How to Use NVIDIA Canary-1B-v2 for ASR, Translation, and Automatic SRT Subtitle Export in Python

The NVIDIA Canary-1B-v2 model now supports automatic speech recognition, translation, and subtitle generation via a Python script. The workflow converts audio to 16 kHz mono, runs inference on a GPU, and outputs SRT files with word-level timestamps.

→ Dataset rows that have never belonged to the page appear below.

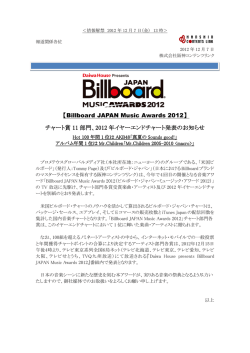 詳細はこちらから - 阪神コンテンツリンク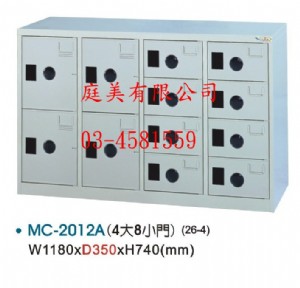 TMMC-2012多用途高級置物櫃(鞋櫃)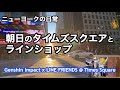 朝日のタイムズスクエアとラインショップのイベント・原神インパクト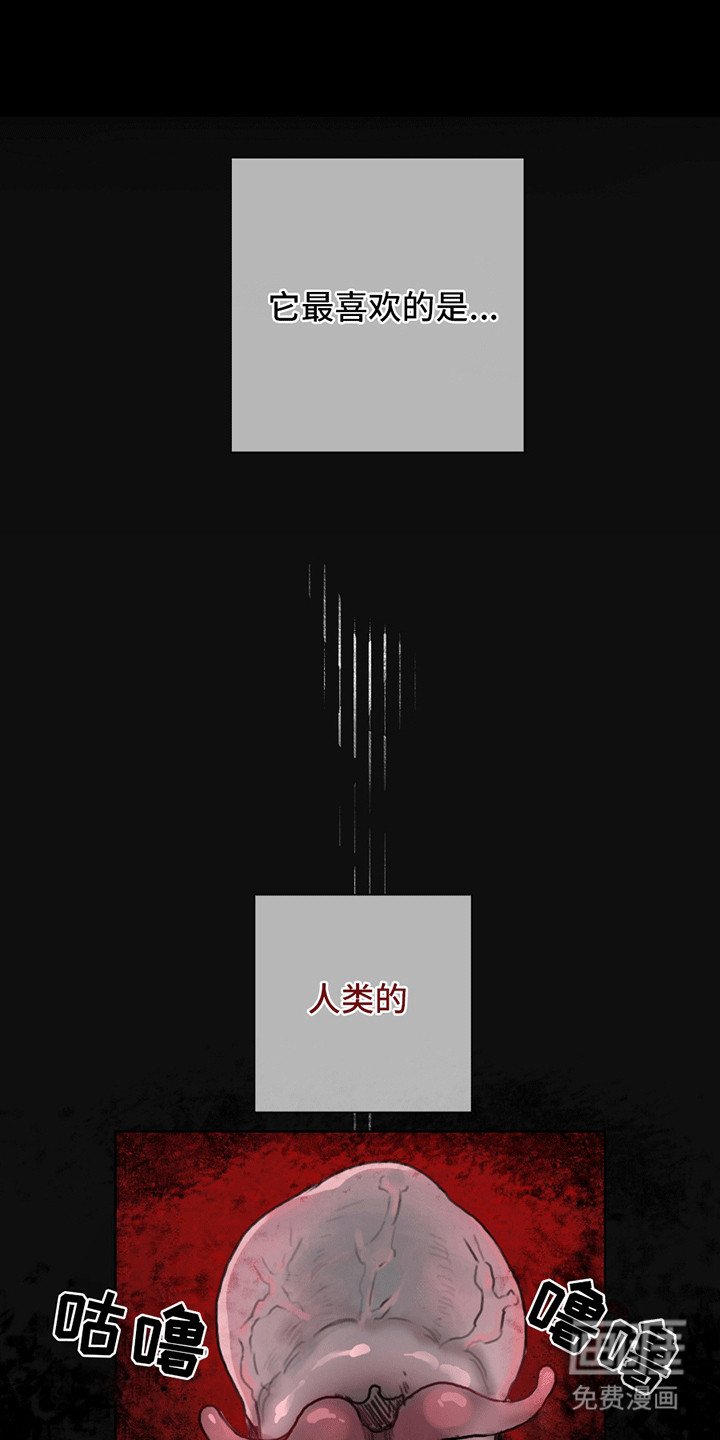 第2章：袭击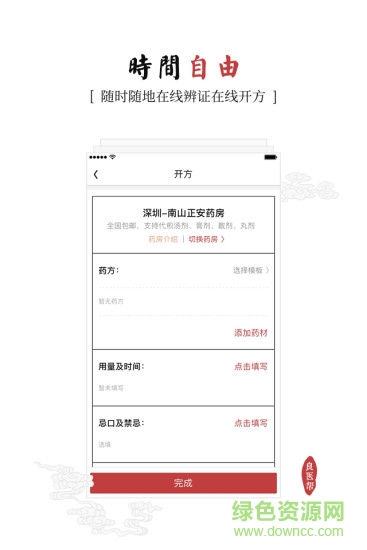 良医帮 v4.5.10 安卓版1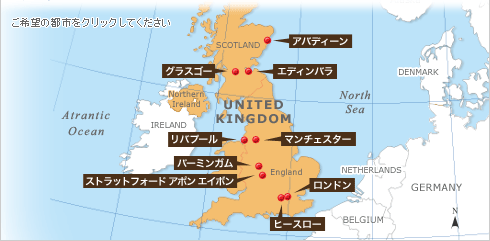 イギリスマップ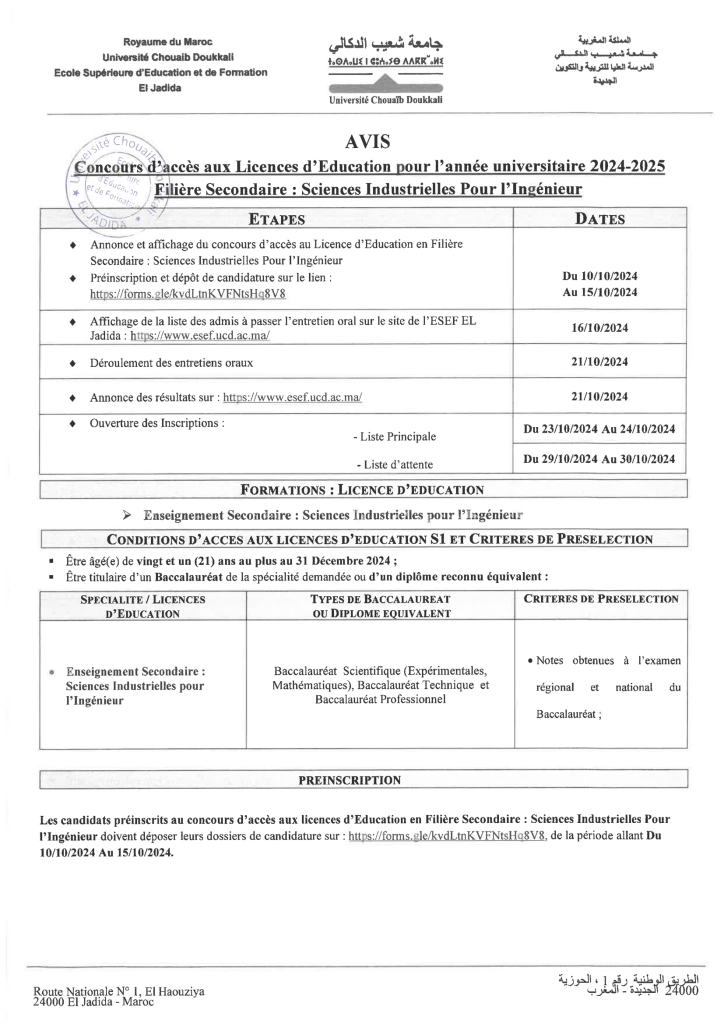 Concours d’accès en première année Licence d’Education Spécialité : Sciences Industrielles pour l’Ingénieur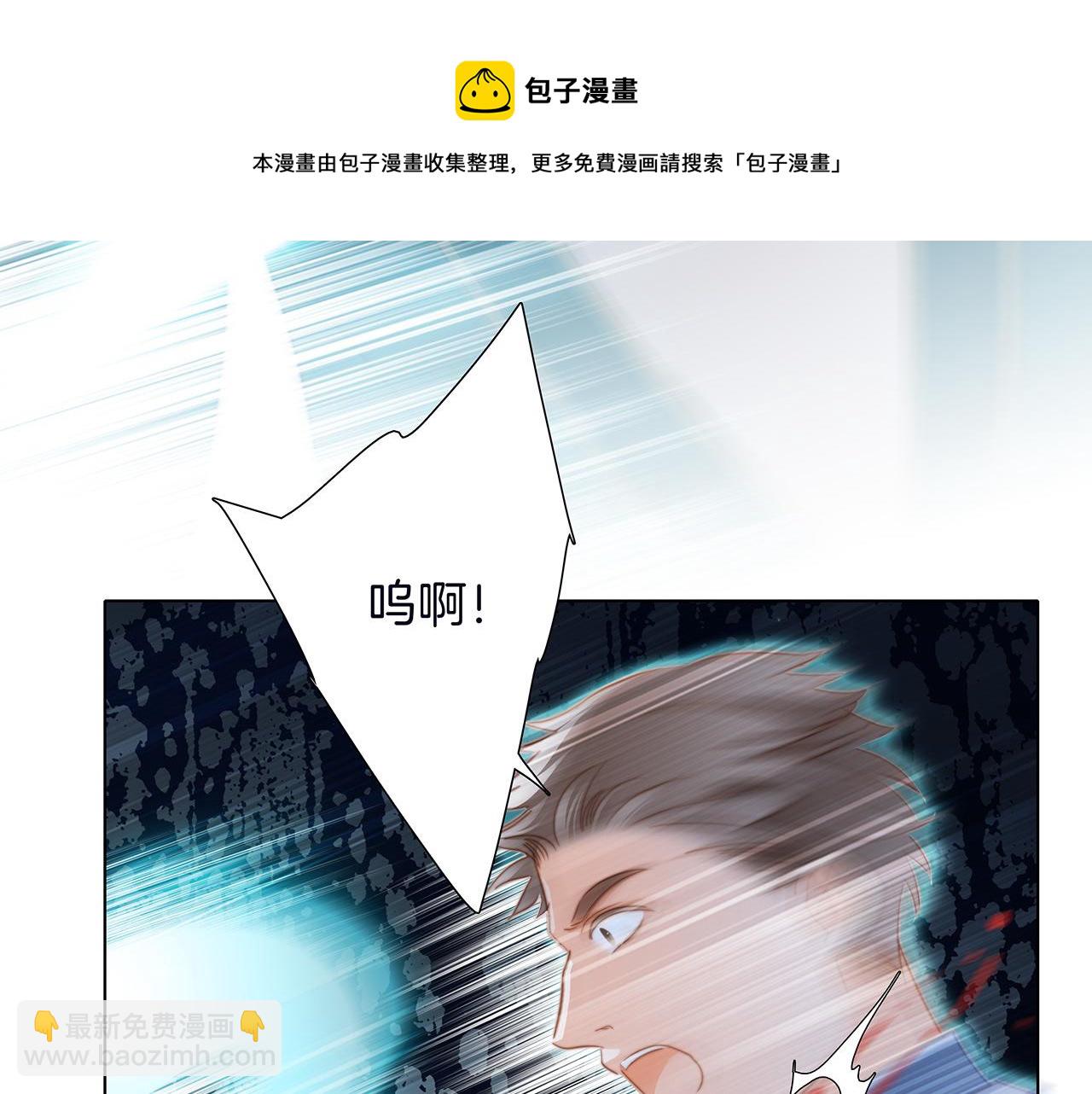 第82话 身份（下）64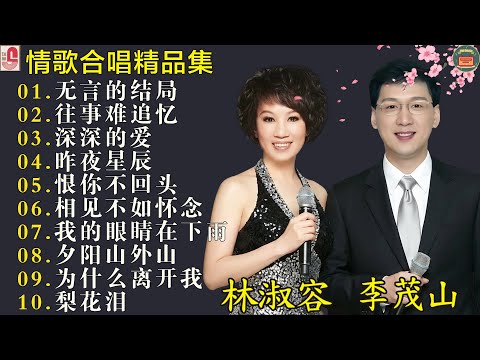 林淑容 & 李茂山【男女合唱】 40首国语老歌实况录音 林淑容、李茂山 现场演唱经典闽南歌 ！非常喜欢他们俩合唱的歌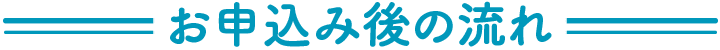 お申込み後の流れ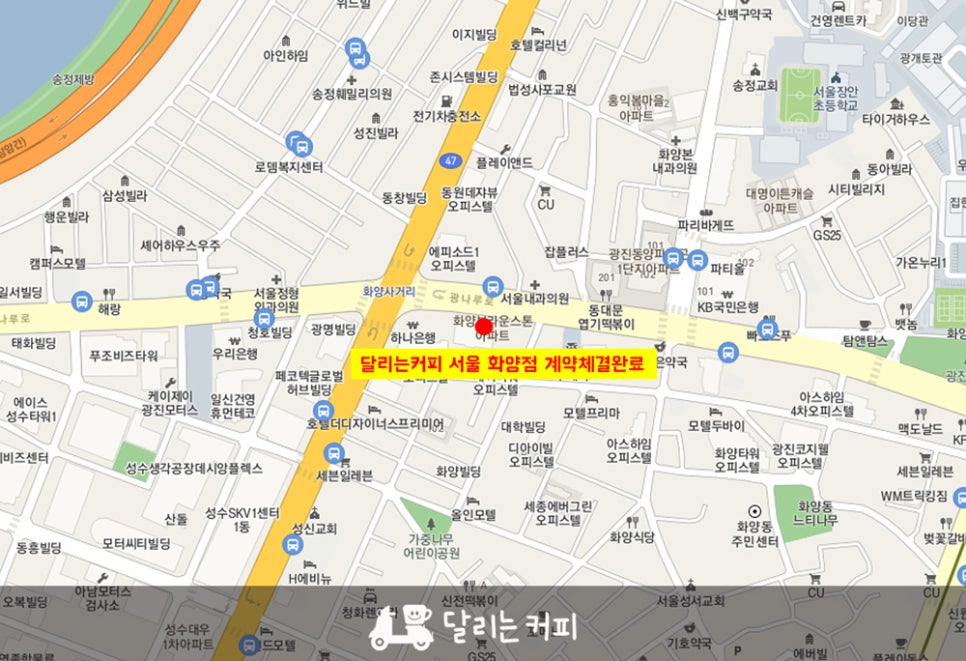 달리는커피화양점 이미지
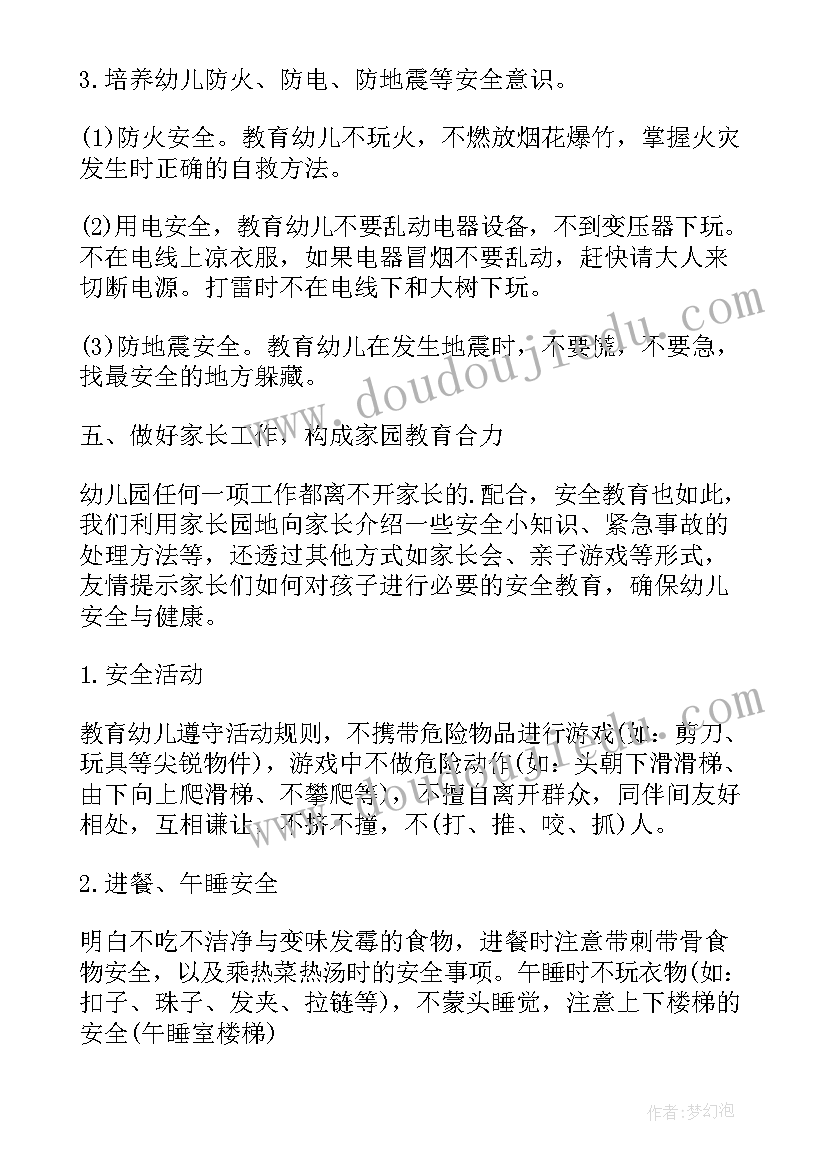 2023年幼儿园安全工作个人工作总结 幼儿园中班个人安全计划(大全9篇)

Installing NeMo, Audio Libraries, NumPy, and SciPy Dependencies

The setup script checks for an existing installation marker to avoid redundant work. If the marker is missing, it runs system commands to install libsndfile and ffmpeg, then pulls the NeMo ASR toolkit, librosa, soundfile, and pydub. It forces a reinstall of NumPy and SciPy to ensure version compatibility before killing the runtime to restart cleanly.

Copy Code

import os, subprocess, sys
SENTINEL = "/content/.canary_setup_done"
if not os.path.exists(SENTINEL):
   def sh(c):
       print("$", c); subprocess.run(c, shell=True, check=False)
   print(">>> PHASE 1: installing dependencies (one-time)...\n")
   sh("apt-get -qq update")
   sh("apt-get -qq install -y libsndfile1 ffmpeg > /dev/null")
   sh('pip install -q "nemo_toolkit[asr]"')
   sh("pip install -q librosa soundfile pydub")
   sh('pip install -q --force-reinstall --no-cache-dir "numpy>=2.2,<2.4" "scipy>=1.15"')
   open(SENTINEL, "w").write("done")
   print("\n Setup complete. Restarting the runtime now.")
   print("   When it reconnects, RUN THIS CELL AGAIN to start the tutorial.")
   os.kill(os.getpid(), 9)

Loading NVIDIA Canary-1B-v2 and Checking GPU Availability

The script imports PyTorch and NumPy to verify the environment. It prints the library versions and checks for CUDA availability. If a GPU is present, it displays the device name and VRAM capacity. If not, it warns that CPU mode will be slow and instructs the user to change the runtime type. The code then defines a dictionary of supported languages, ranging from Bulgarian to Ukrainian, before loading the model from Hugging Face and moving it to the selected device.

Copy Code

import time, json, gc, math, urllib.request
import torch, numpy as np, soundfile as sf, librosa
print(">>> PHASE 2: running tutorial\n")
print("NumPy:", np.__version__, "| PyTorch:", torch.__version__)
print("CUDA available:", torch.cuda.is_available())
if torch.cuda.is_available():
   print("GPU:", torch.cuda.get_device_name(0),
         f"| VRAM: {torch.cuda.get_device_properties(0).total_memory/1e9:.1f} GB")
else:
   print("  No GPU — will run on CPU (very slow). "
         "Set Runtime > Change runtime type > GPU.")
DEVICE = "cuda" if torch.cuda.is_available() else "cpu"
LANGS = {
   "bg":"Bulgarian","hr":"Croatian","cs":"Czech","da":"Danish","nl":"Dutch",
   "en":"English","et":"Estonian","fi":"Finnish","fr":"French","de":"German",
   "el":"Greek","hu":"Hungarian","it":"Italian","lv":"Latvian","lt":"Lithuanian",
   "mt":"Maltese","pl":"Polish","pt":"Portuguese","ro":"Romanian","sk":"Slovak",
   "sl":"Slovenian","es":"Spanish","sv":"Swedish","ru":"Russian","uk":"Ukrainian",
}
print(f"\nSupported languages ({len(LANGS)}):", ", ".join(LANGS.keys()))
from nemo.collections.asr.models import ASRModel
print("\nLoading nvidia/canary-1b-v2 ...")
t0 = time.time()
asr_model = ASRModel.from_pretrained(model_name="nvidia/canary-1b-v2").to(DEVICE).eval()
print(f"Model loaded in {time.time()-t0:.1f}s")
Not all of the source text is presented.